# Evaluation of ascorbic acid as an intervention of metal toxicity in dogs in Kabwe district

**Authors:** Nelly Banda, Mahongo Selwa, Rio Doya, Nyein Chan Soe, Andrew Kataba, John Yabe, Golden Zyambo, Kaampwe Muzandu, Yared Beyene Yohannes, Yoshinori Ikenaka, Mayumi Ishizuka, Shouta MM Nakayama

PMC · DOI: 10.1016/j.vas.2025.100519 · 2025-10-09

## TL;DR

This study shows that vitamin C (L-ascorbic acid) can reduce oxidative stress and metal levels in dogs exposed to heavy metals in Kabwe, Zambia.

## Contribution

The study demonstrates the effectiveness of L-ascorbic acid in reducing metal toxicity in dogs, with age- and sex-specific responses.

## Key findings

- L-ascorbic acid significantly reduced oxidative stress biomarkers in dogs.
- Lead levels decreased mainly in dogs under 24 months of age.
- Zinc and copper reductions were observed only in male dogs after treatment.

## Abstract

•Oxidative stress biomarkers were reduced in dogs after administration of L-ascorbic acid.•The reduction of BLL occurred mostly in younger dogs under 24 months of age.•The reduction of Pb, AS, and Cd occurs in both males and females.•The reduction of essential metals, Cu and Zn, occurs in male dogs but not in females post-treatment with L-ascorbic acid.

Oxidative stress biomarkers were reduced in dogs after administration of L-ascorbic acid.

The reduction of BLL occurred mostly in younger dogs under 24 months of age.

The reduction of Pb, AS, and Cd occurs in both males and females.

The reduction of essential metals, Cu and Zn, occurs in male dogs but not in females post-treatment with L-ascorbic acid.

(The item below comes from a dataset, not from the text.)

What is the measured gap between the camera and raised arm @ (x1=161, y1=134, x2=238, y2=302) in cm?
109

Non-essential metals and metalloids are known to induce oxidative stress in exposed organisms, often leading to cellular damage and systemic toxicity. While chelation therapy remains the primary treatment for metal toxicity, its application is limited by side effects. L-ascorbic acid (L-AA), a widely available antioxidant, has emerged as a promising nutritional intervention for mitigating metal-induced oxidative stress. Dogs, whose blood lead levels (BLLs) closely mirror those of humans, have been utilized as sentinel species in environmental toxicology studies.

This study aimed to evaluate the therapeutic potential of L-AA in dogs residing in Kabwe, Zambia, a former mining town where remediation of heavy metal contamination is ongoing. The reported BLLs in Kabwe dogs ranged from 0.43 µg/dL to 123.5 µg/dL. A total of 22 dogs (10 females and 12 males) received oral L-AA supplementation daily for 14 days. Blood samples were collected on Day 1 of L-AA administration and Day 14 to assess biochemical and toxicological changes.

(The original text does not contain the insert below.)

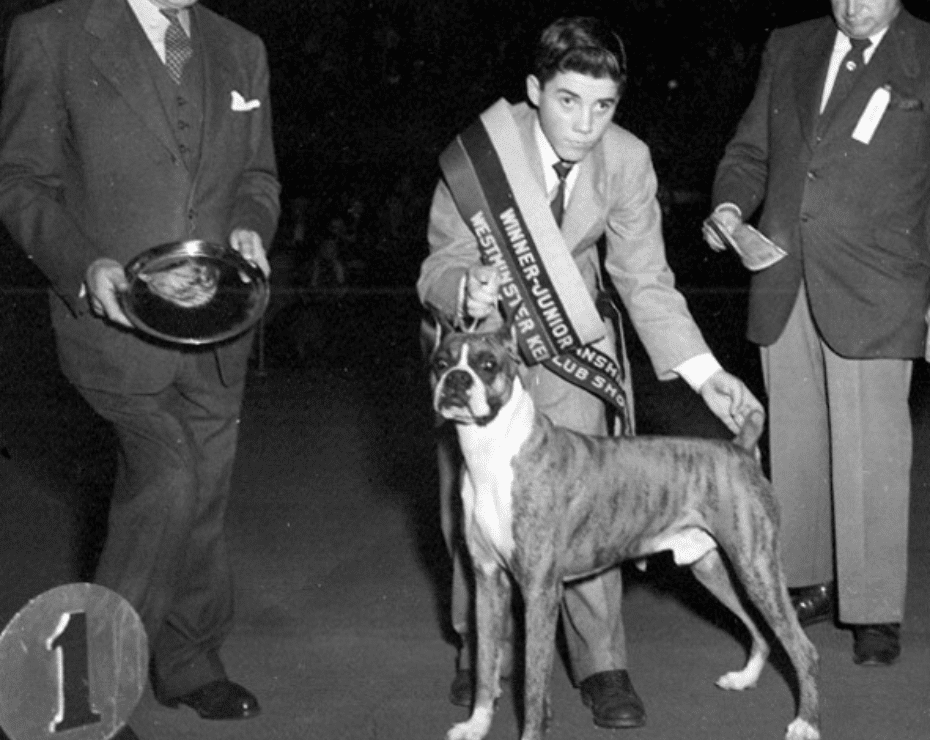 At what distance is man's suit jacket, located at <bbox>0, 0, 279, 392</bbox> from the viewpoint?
4.63 metres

Post-treatment analysis revealed statistically significant reductions in plasma malondialdehyde, cortisol, blood urea nitrogen, and creatinine levels, as determined by Student’s t-test and Wilcoxon signed-rank test. Additionally, δ-aminolaevulinic acid dehydratase activity was significantly elevated, indicating improved oxidative status. These findings support the efficacy of L-AA in attenuating oxidative stress associated with metal and metalloid exposure, even in the absence of exposure cessation.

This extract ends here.